MOTIFS DE LA DECISION

Sur la recevabilité de l’action de la SCI LUNA BAHIA
Il résulte du contrat de vente produit que la SCI LUNA BAHIA est propriétaire de la studette 340 au [Adresse 1] depuis le 6 mars 2006, soit antérieurement au contrat de location des lieux à M. [S] [M] signé le 13 juillet 2011.

L’intérêt à agir de celle-ci est donc certain et le fait que le contrat de location ait été signé de M. [X] [B], dès lors qu’il résulte de l’acte de vente qu’il a la qualité de gérant de la SCI ne saurait priver cette dernière de tout intérêt à agir.

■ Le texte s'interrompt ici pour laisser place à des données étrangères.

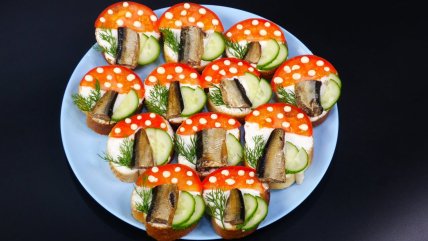 Вкусные, бюджетные, на скорую руку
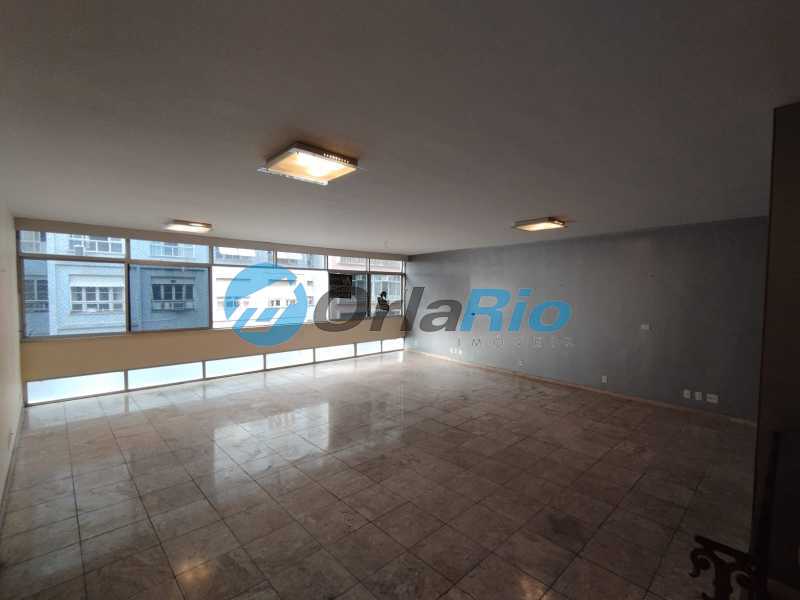 Conheça SALA 1 do imóvel - Apartamento à venda Rua Domingos Ferreira, Copacabana, Rio de Janeiro - R$ 2.800.000 - OLAP30483 - 2 SALA 1 - 2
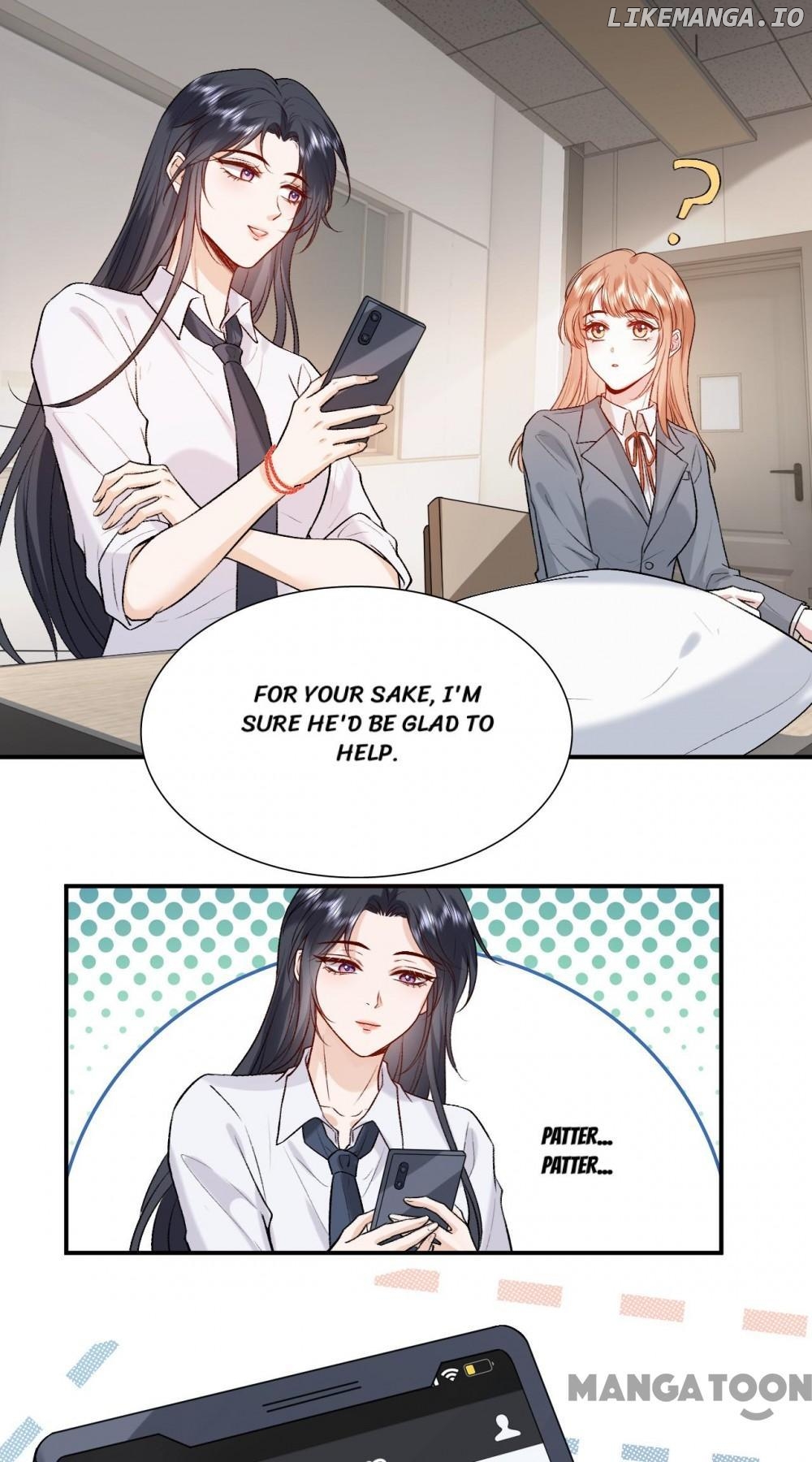 Madam and Her Daily Online Face-Slapping Chapter 21 - page 29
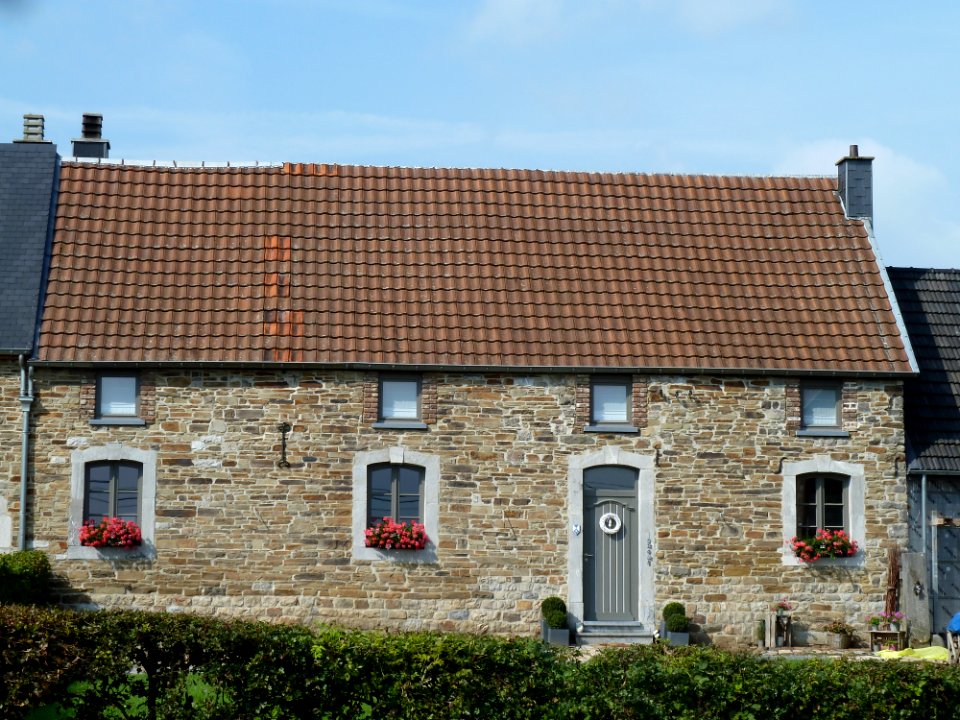Montzen-rue Gustave Demoulin 31-37 (1)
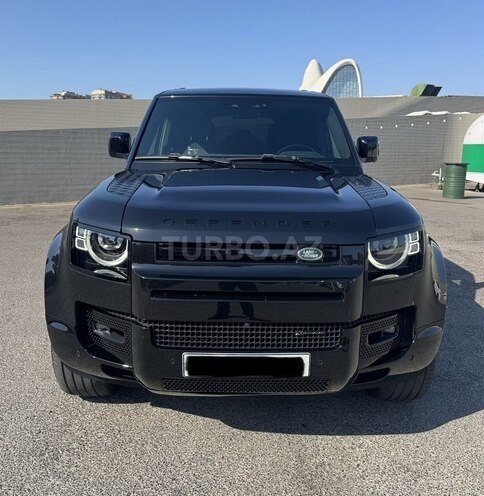 Land Rover Defender 2022, 51,000 km - 3.0 l - Bakı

La fin de non-recevoir soulevée par M. [S] [M] sera donc rejetée.

Sur le prononcé de la résiliation judiciaire
Aux termes de l'article 1224 du code civil, la résolution résulte soit de l'application d'une clause résolutoire soit, en cas d'inexécution suffisamment grave, d'une notification du créancier au débiteur ou d'une décision de justice. L'article 1229 du même code précise que lorsque les prestations échangées ont trouvé leur utilité au fur et à mesure de l'exécution réciproque du contrat, il n'y a pas lieu à restitution pour la période antérieure à la dernière prestation n'ayant pas reçu sa contrepartie et que, dans ce cas, la résolution est qualifiée de résiliation.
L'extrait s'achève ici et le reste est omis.